• [Exercise directions]: Without including any pictures, copy every line below exactly.

Dataset records
++++++
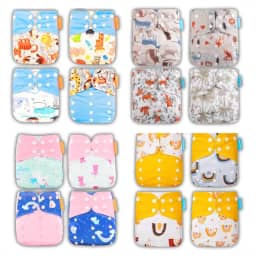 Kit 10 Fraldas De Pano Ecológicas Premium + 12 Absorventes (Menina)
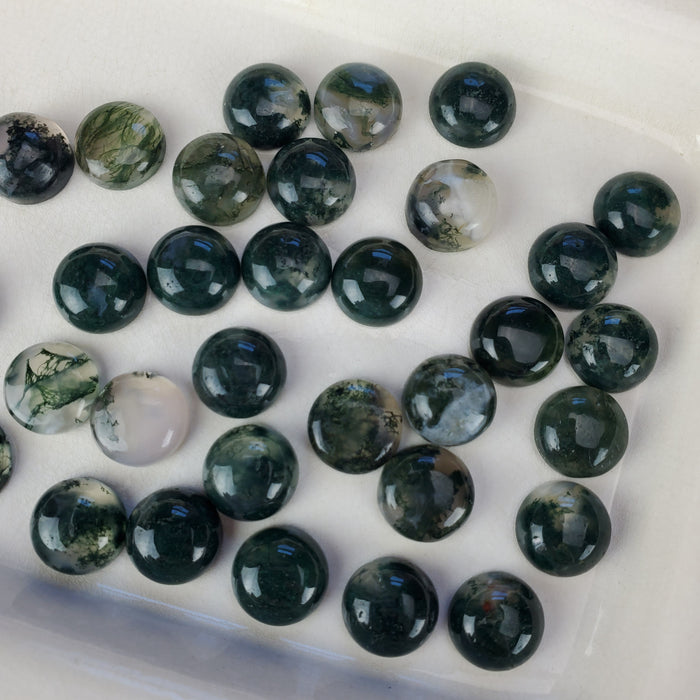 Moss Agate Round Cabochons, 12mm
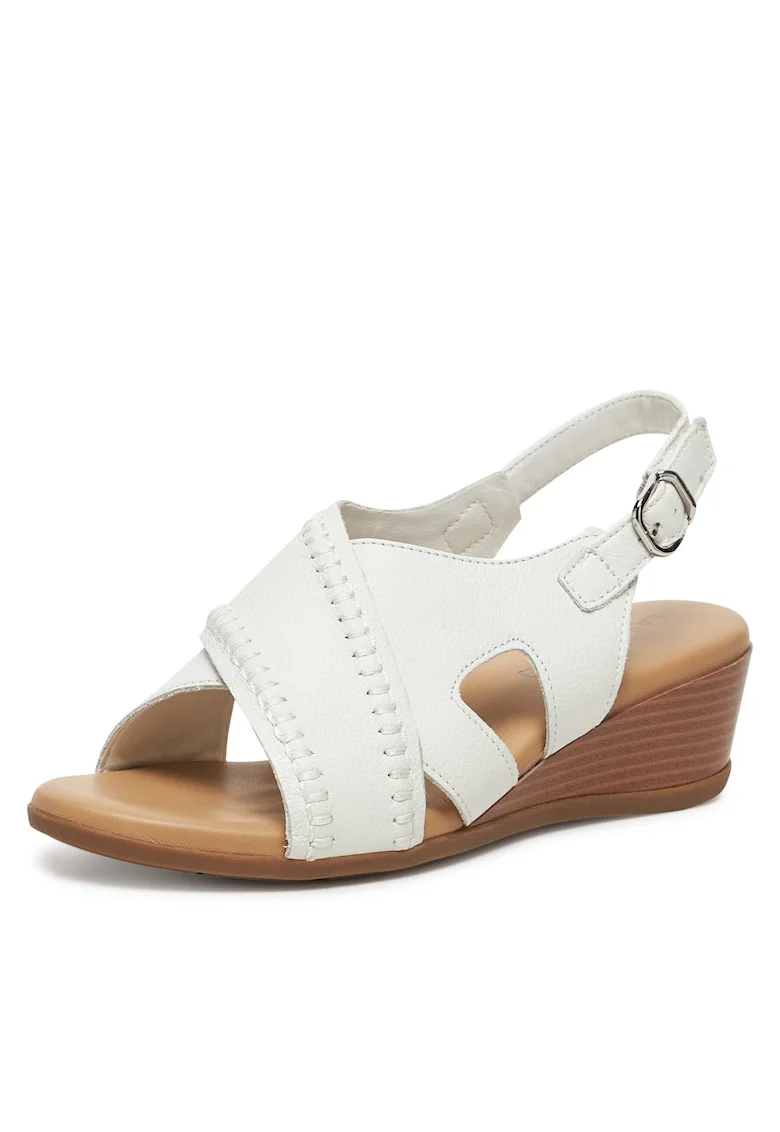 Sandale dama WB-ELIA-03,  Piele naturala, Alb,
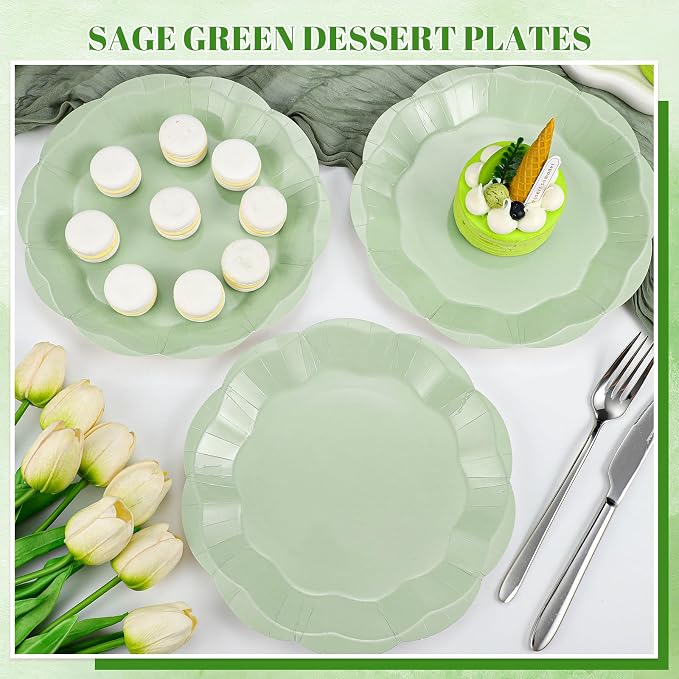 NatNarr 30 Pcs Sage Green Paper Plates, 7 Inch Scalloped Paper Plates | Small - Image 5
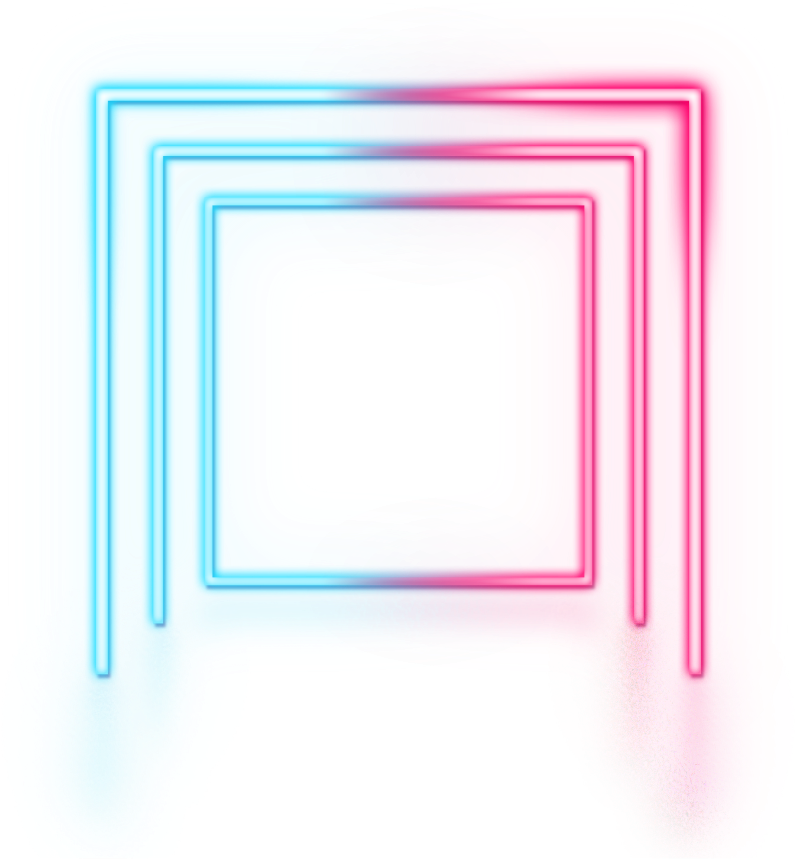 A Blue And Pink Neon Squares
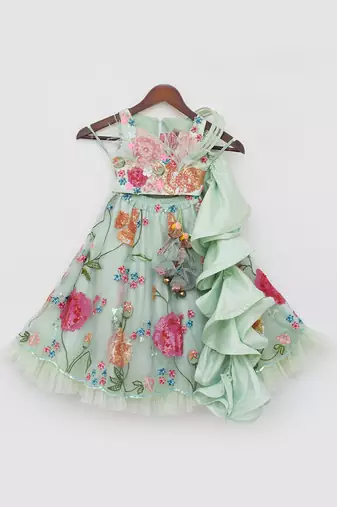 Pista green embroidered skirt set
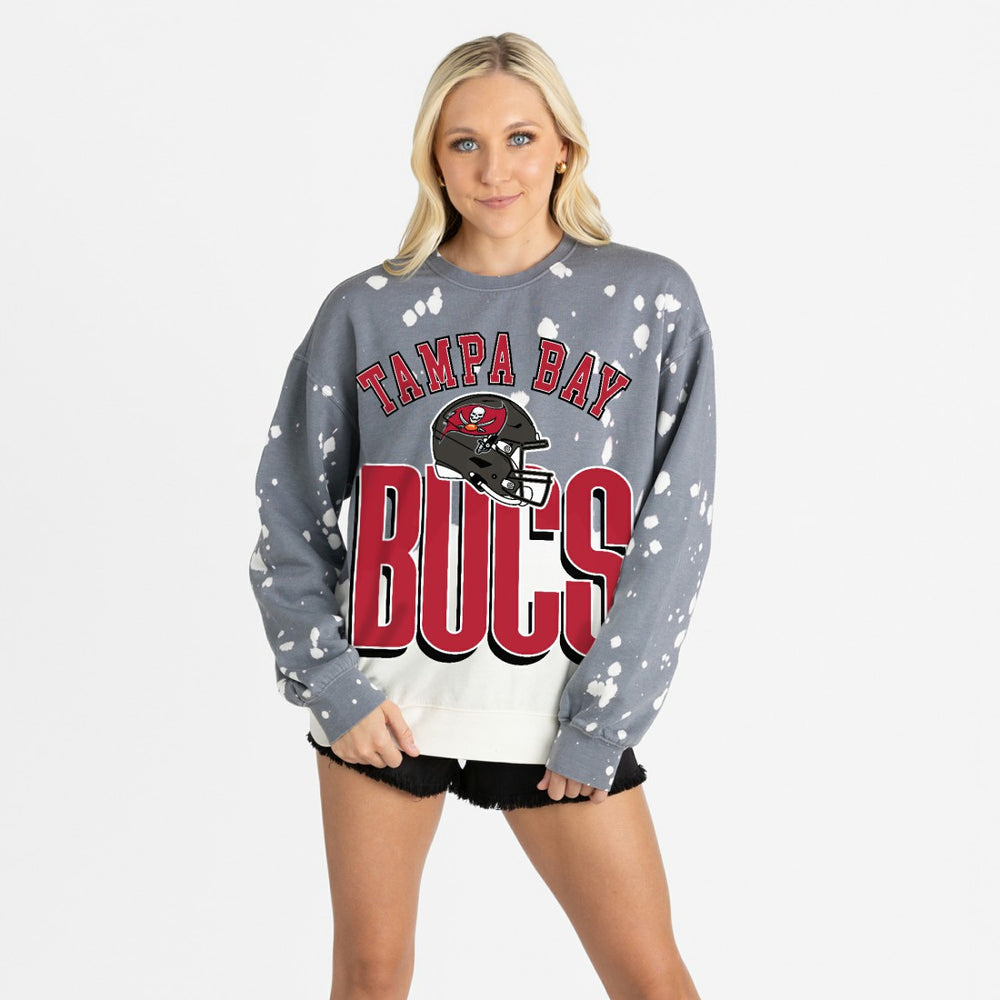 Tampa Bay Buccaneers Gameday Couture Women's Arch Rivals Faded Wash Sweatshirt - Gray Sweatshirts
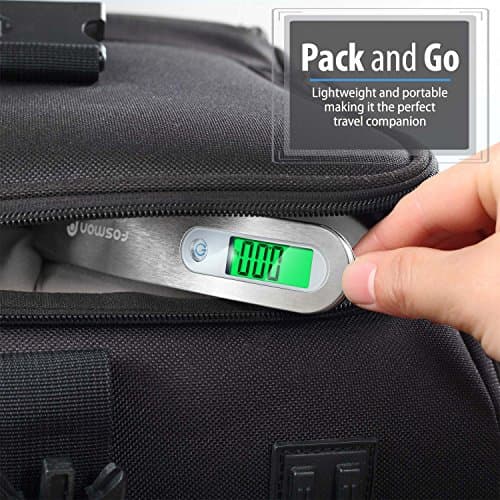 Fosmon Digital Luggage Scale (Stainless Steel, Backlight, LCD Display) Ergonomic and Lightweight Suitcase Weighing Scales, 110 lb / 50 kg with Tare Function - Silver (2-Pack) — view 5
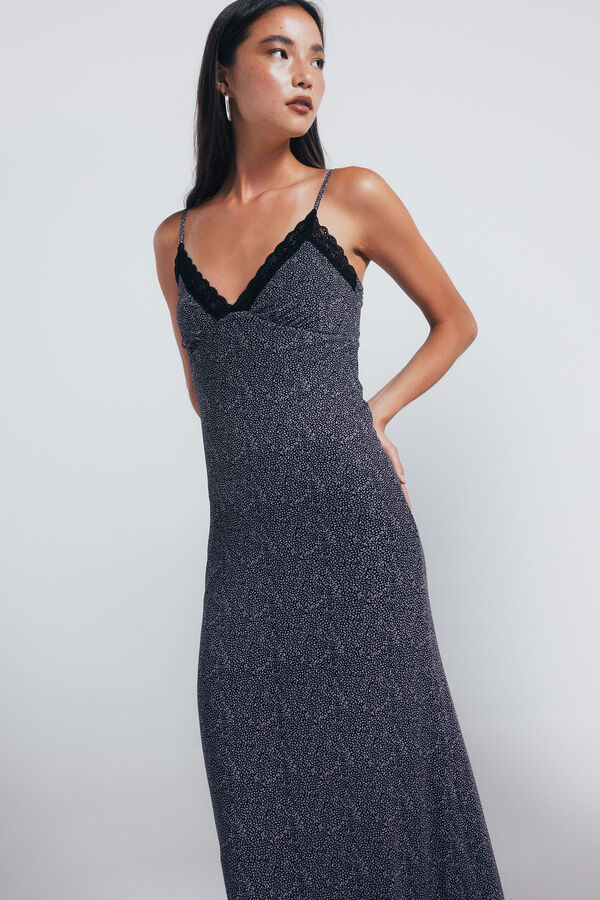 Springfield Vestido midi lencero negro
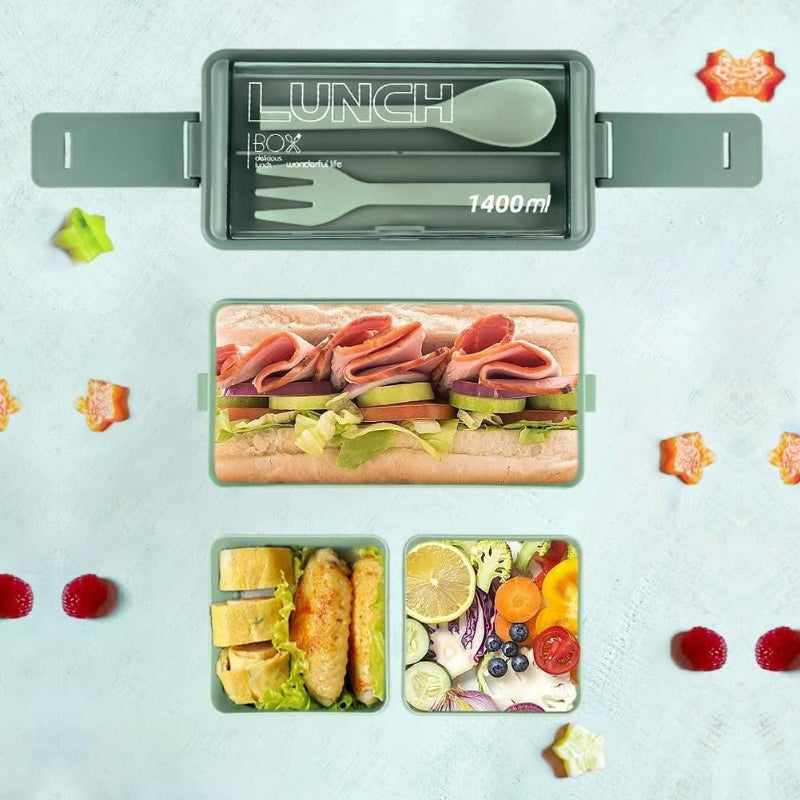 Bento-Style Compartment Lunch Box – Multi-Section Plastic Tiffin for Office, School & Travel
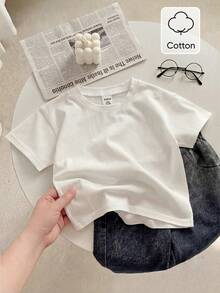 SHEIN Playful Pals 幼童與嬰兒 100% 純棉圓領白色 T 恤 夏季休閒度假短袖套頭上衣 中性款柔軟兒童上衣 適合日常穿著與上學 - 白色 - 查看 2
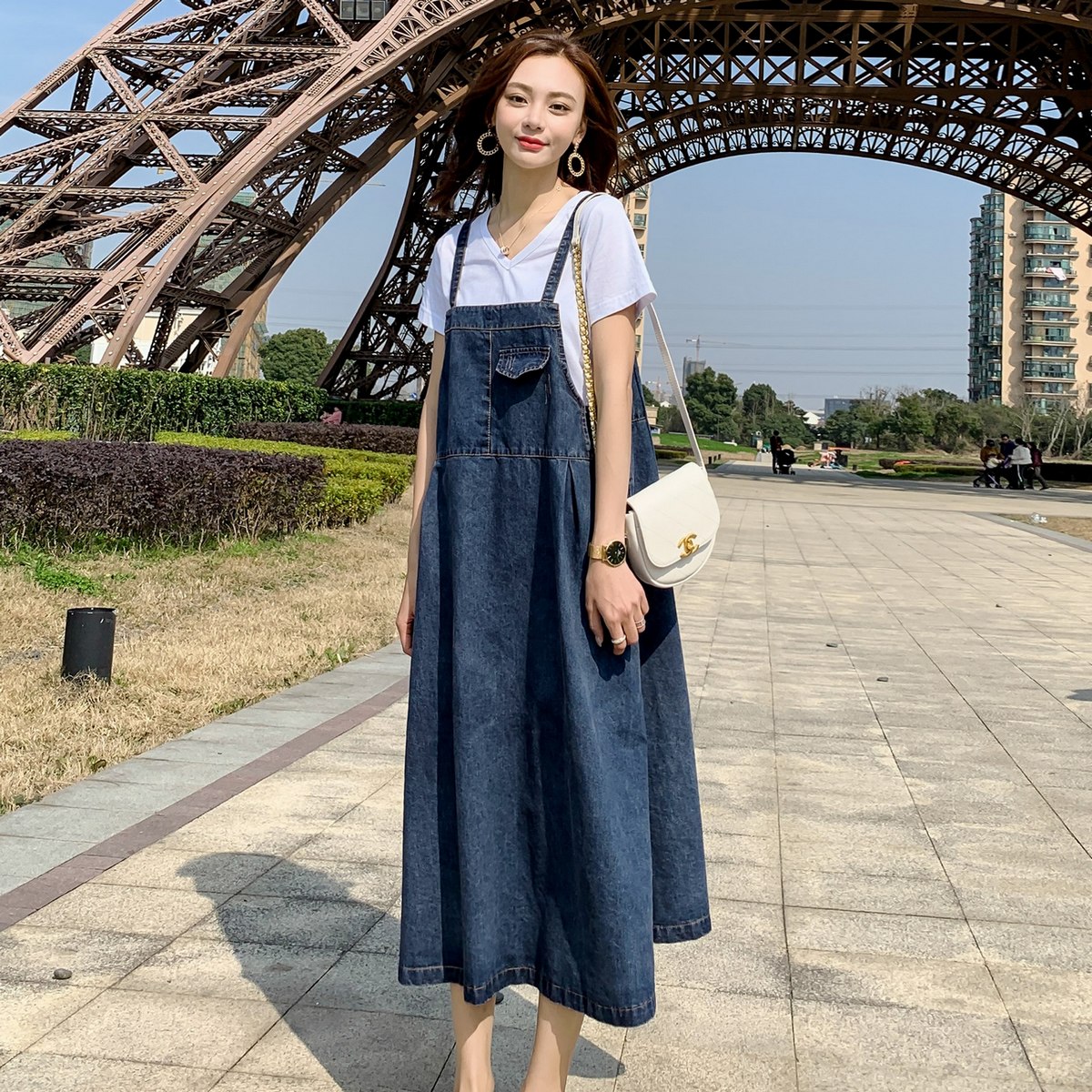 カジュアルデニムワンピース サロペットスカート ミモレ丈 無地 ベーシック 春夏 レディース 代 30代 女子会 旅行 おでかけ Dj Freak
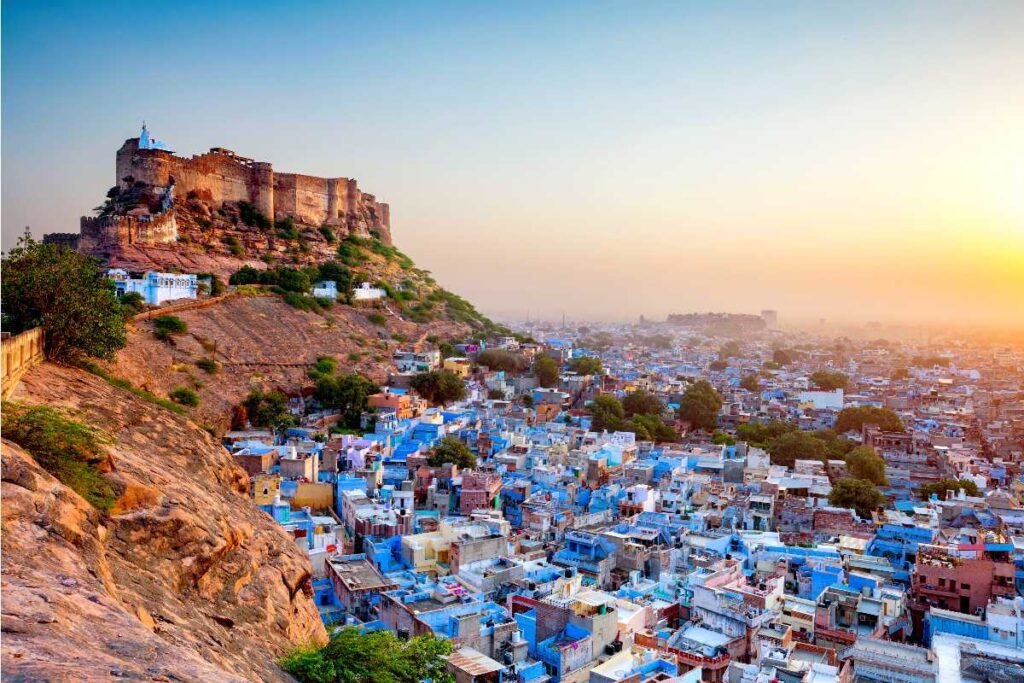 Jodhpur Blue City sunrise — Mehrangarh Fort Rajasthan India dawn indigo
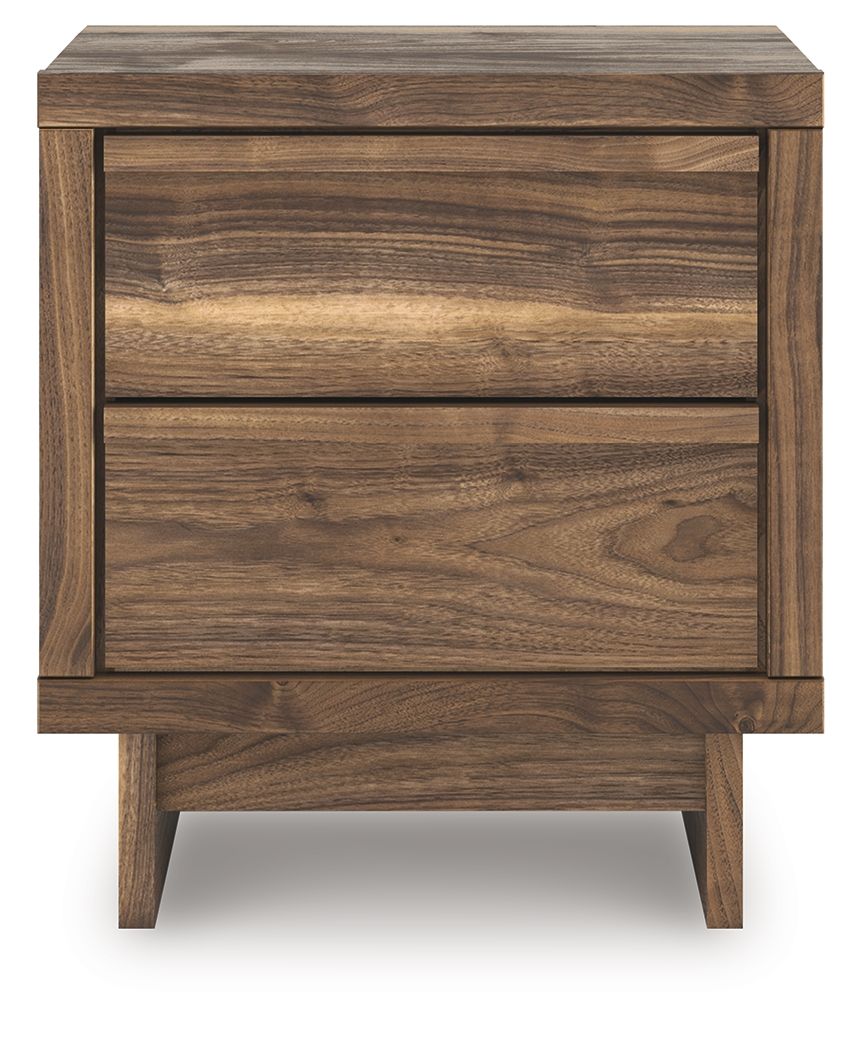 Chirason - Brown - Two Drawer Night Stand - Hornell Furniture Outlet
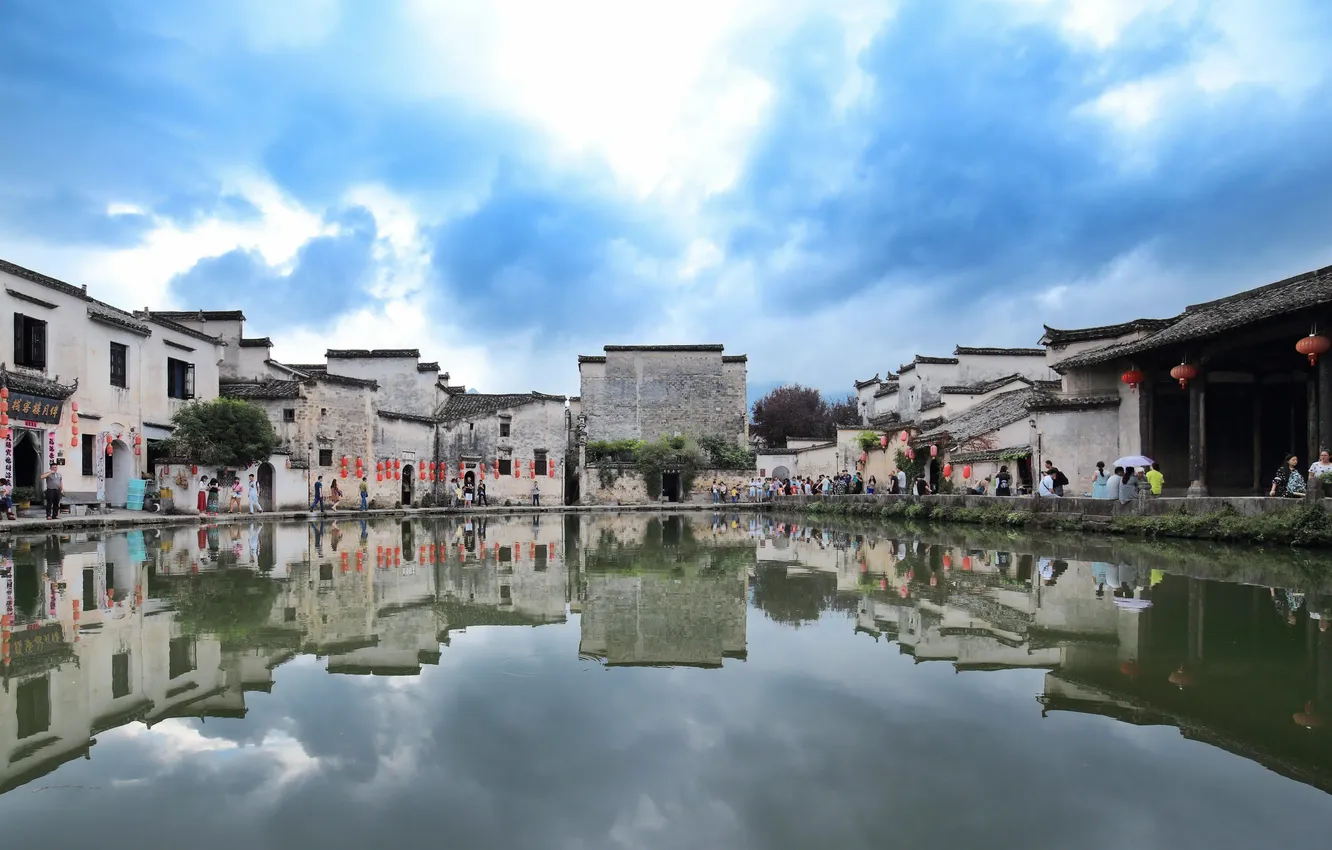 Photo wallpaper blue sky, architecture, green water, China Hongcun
++++++
• [Written solution]:
 Kit 10 Fraldas De Pano Ecológicas Premium + 12 Absorventes (Menina)
 Moss Agate Round Cabochons, 12mm
 Sandale dama WB-ELIA-03,  Piele naturala, Alb,
 NatNarr 30 Pcs Sage Green Paper Plates, 7 Inch Scalloped Paper Plates | Small - Image 5
 A Blue And Pink Neon Squares
 Pista green embroidered skirt set
 Tampa Bay Buccaneers Gameday Couture Women's Arch Rivals Faded Wash Sweatshirt - Gray Sweatshirts
 Fosmon Digital Luggage Scale (Stainless Steel, Backlight, LCD Display) Ergonomic and Lightweight Suitcase Weighing Scales, 110 lb / 50 kg with Tare Function - Silver (2-Pack) — view 5
 Springfield Vestido midi lencero negro
 Bento-Style Compartment Lunch Box – Multi-Section Plastic Tiffin for Office, School & Travel
 SHEIN Playful Pals 幼童與嬰兒 100% 純棉圓領白色 T 恤 夏季休閒度假短袖套頭上衣 中性款柔軟兒童上衣 適合日常穿著與上學 - 白色 - 查看 2
 カジュアルデニムワンピース サロペットスカート ミモレ丈 無地 ベーシック 春夏 レディース 代 30代 女子会 旅行 おでかけ Dj Freak
 Jodhpur Blue City sunrise — Mehrangarh Fort Rajasthan India dawn indigo
 Chirason - Brown - Two Drawer Night Stand - Hornell Furniture Outlet
 Photo wallpaper blue sky, architecture, green water, China Hongcun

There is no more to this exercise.